Provided records
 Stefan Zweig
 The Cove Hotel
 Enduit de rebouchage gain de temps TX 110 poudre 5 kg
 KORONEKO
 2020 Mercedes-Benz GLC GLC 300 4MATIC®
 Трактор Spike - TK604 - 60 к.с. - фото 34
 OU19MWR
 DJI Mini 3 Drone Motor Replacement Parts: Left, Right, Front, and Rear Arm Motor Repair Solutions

* * *

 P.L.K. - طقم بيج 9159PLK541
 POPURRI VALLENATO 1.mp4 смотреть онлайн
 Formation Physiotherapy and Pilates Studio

* * *

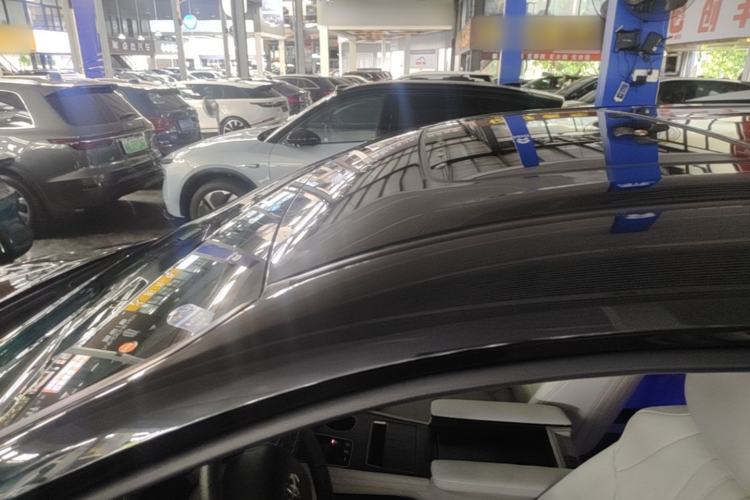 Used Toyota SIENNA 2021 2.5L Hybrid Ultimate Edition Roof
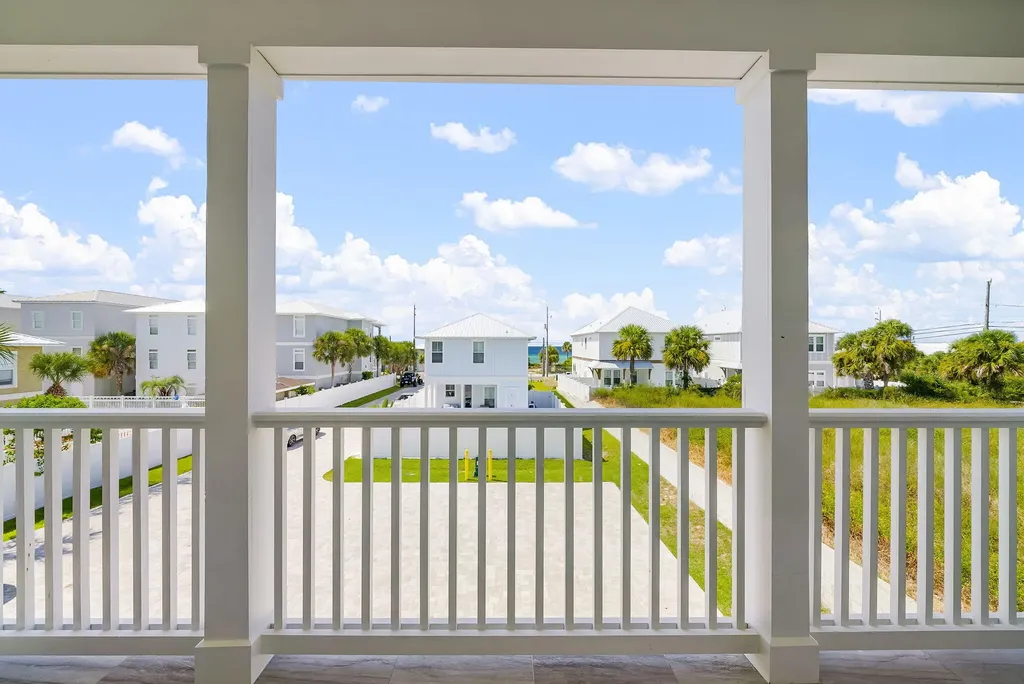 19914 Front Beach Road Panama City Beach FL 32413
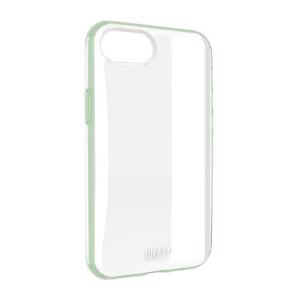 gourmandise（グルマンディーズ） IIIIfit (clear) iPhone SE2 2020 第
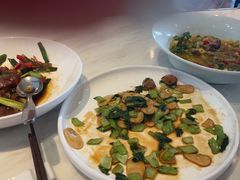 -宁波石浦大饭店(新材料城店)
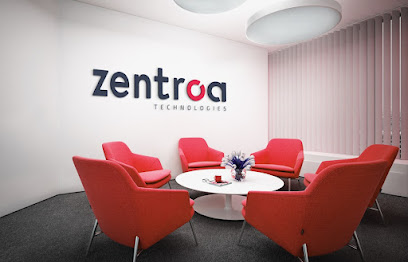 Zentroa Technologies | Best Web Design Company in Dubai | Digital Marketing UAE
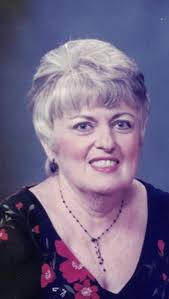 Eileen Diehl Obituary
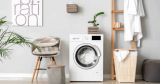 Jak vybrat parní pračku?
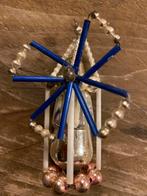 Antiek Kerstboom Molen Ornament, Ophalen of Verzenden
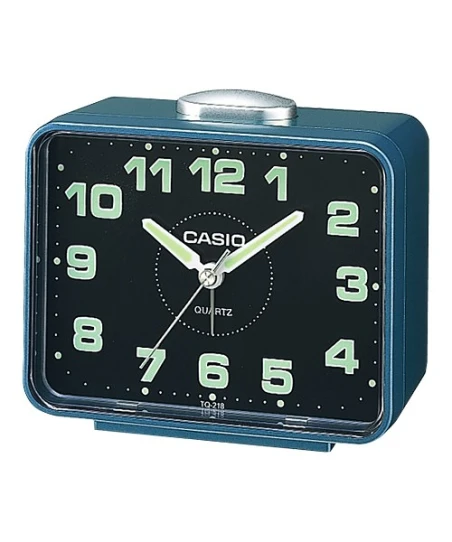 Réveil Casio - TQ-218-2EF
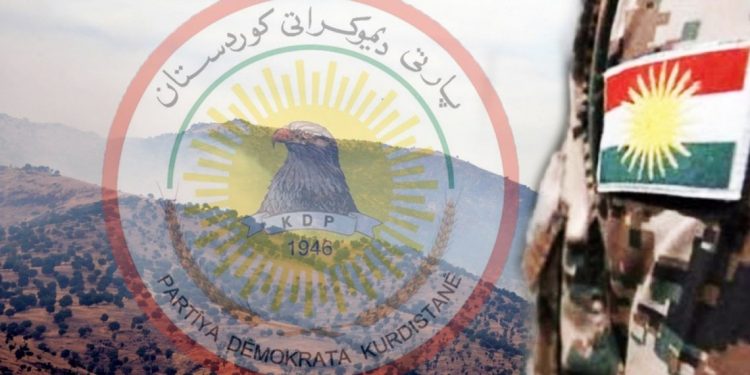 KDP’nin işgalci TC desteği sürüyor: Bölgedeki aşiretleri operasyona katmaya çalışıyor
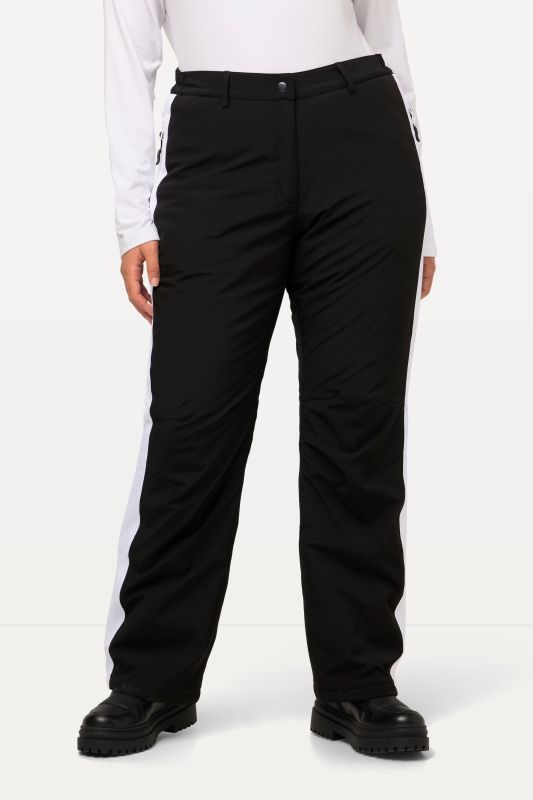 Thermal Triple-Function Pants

What the task requires
Copy verbatim, from the listing above, each line from the one containing "Enduit de rebouchage" down to the one containing "DJI Mini 3 Drone", inclusive.

Response to the task
 Enduit de rebouchage gain de temps TX 110 poudre 5 kg
 KORONEKO
 2020 Mercedes-Benz GLC GLC 300 4MATIC®
 Трактор Spike - TK604 - 60 к.с. - фото 34
 OU19MWR
 DJI Mini 3 Drone Motor Replacement Parts: Left, Right, Front, and Rear Arm Motor Repair Solutions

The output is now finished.